Another harmful gas for the environment is carbon dioxide (CO2). It is a greenhouse gas which is being held responsible for climate change. About 40 percent of our carbon dioxide emissions come from transport, mainly private cars. Transport is one of the biggest growth areas of New Zealand's greenhouse gas emissions. Keeping their vehicles well maintained is one of the steps that vehicle owners can take to ensure they lower their CO2 emissions and ensure that emissions of other harmful substances are also reduced.

What is the visible smoke test? It's anticipated that the visible smoke test will be introduced by the end of the year. It will become part of every vehicle's warrant or certificate of fitness. Inspectors will check the smoke coming out of the exhaust by running the car for five seconds while the engine idles and for another five seconds when the engine speed is increased to half its maximum – about 2,500 revs per minute.

They will be checking to see if the exhaust coming out of the tail pipe is clear, or if there is smoke that is visible and dense which means the vehicle needs attention.

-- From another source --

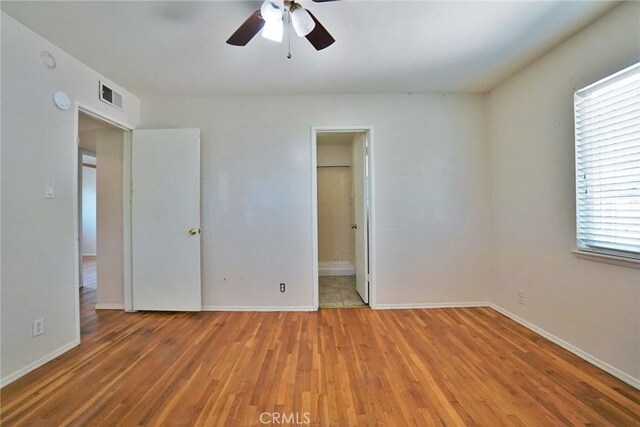 2306 S Encina St, Visalia, CA 93277 - unfurnished bedroom featuring light wood-type flooring, baseboards, and connected bathroom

If a vehicle emits visible exhaust, it is an indication the vehicle is not running properly, resulting in higher maintenance costs to the owner and negative effects on the environment. Poorly maintained vehicles can release as much as 10 times the emissions as a well maintained vehicle.

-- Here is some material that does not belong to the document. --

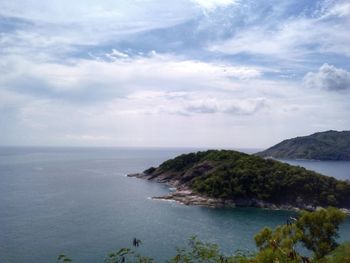 Scenic view of sea and mountains against sky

If the vehicle fails the smoke test, it will need repairing, possibly just a tune-up, before it can be driven on the road again. How else can vehicle emissions be reduced? The Ministry of Transport is committed to reducing vehicle emissions and is working on achieving this in a number of ways. The visible smoke check builds on existing measures to control motor vehicle emissions and improve air quality, and will pave the way for more sophisticated testing of vehicle emissions that might be introduced in the future.

Other measures to reduce vehicle emissions include:

• the existing 10-second smoky vehicle rule – it is an offence to emit excessive on-road vehicle smoke for more than 10 seconds • the introduction in January 2004 of a requirement for vehicles entering the country to meet an approved emissions standard • the introduction in January 2006 of a requirement for revised diesel fuel specifications to be met, reducing the sulphur content in diesel fuels to 50 parts per million, making New Zealand diesel cleaner and bringing it in to line with European standards. This reduction is expected to substantially reduce emissions from diesel vehicles already in New Zealand.

The Ministry of Transport is working toward removing the barriers to the introduction of renewable transport fuels – including ethanol petrol blends and bio-diesel – as biofuels generally have lower levels of harmful emissions.

The Government has also requested the Ministry of Transport to investigate the costs and benefits of requiring imported-used vehicles to have been built to specific minimum standards. It will report back on this at the end of this year.